━━━ AVAILABLE DATA ━━━
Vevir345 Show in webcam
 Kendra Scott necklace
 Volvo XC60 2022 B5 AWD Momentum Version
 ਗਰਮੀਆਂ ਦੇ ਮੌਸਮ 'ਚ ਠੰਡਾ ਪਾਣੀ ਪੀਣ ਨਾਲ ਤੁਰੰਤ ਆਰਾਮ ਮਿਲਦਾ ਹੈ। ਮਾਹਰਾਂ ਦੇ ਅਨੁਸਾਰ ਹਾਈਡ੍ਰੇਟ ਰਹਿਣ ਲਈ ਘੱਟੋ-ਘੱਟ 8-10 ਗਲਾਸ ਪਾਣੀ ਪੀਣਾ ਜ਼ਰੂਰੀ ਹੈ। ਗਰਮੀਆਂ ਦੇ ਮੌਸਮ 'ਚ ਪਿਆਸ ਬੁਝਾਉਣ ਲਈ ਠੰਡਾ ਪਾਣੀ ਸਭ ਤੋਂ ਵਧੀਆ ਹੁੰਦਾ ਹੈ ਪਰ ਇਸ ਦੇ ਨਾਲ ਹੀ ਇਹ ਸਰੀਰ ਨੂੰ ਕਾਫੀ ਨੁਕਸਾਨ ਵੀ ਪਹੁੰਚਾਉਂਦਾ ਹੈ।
━━━
HOW TO COMPLETE THIS TASK =
From the line with "Volvo XC60 2022 B5 AWD Momentum Version" to the end of the listing above, set down every line exactly as it appears, both ends included.

WRITTEN ANSWER =
 Volvo XC60 2022 B5 AWD Momentum Version
 ਗਰਮੀਆਂ ਦੇ ਮੌਸਮ 'ਚ ਠੰਡਾ ਪਾਣੀ ਪੀਣ ਨਾਲ ਤੁਰੰਤ ਆਰਾਮ ਮਿਲਦਾ ਹੈ। ਮਾਹਰਾਂ ਦੇ ਅਨੁਸਾਰ ਹਾਈਡ੍ਰੇਟ ਰਹਿਣ ਲਈ ਘੱਟੋ-ਘੱਟ 8-10 ਗਲਾਸ ਪਾਣੀ ਪੀਣਾ ਜ਼ਰੂਰੀ ਹੈ। ਗਰਮੀਆਂ ਦੇ ਮੌਸਮ 'ਚ ਪਿਆਸ ਬੁਝਾਉਣ ਲਈ ਠੰਡਾ ਪਾਣੀ ਸਭ ਤੋਂ ਵਧੀਆ ਹੁੰਦਾ ਹੈ ਪਰ ਇਸ ਦੇ ਨਾਲ ਹੀ ਇਹ ਸਰੀਰ ਨੂੰ ਕਾਫੀ ਨੁਕਸਾਨ ਵੀ ਪਹੁੰਚਾਉਂਦਾ ਹੈ।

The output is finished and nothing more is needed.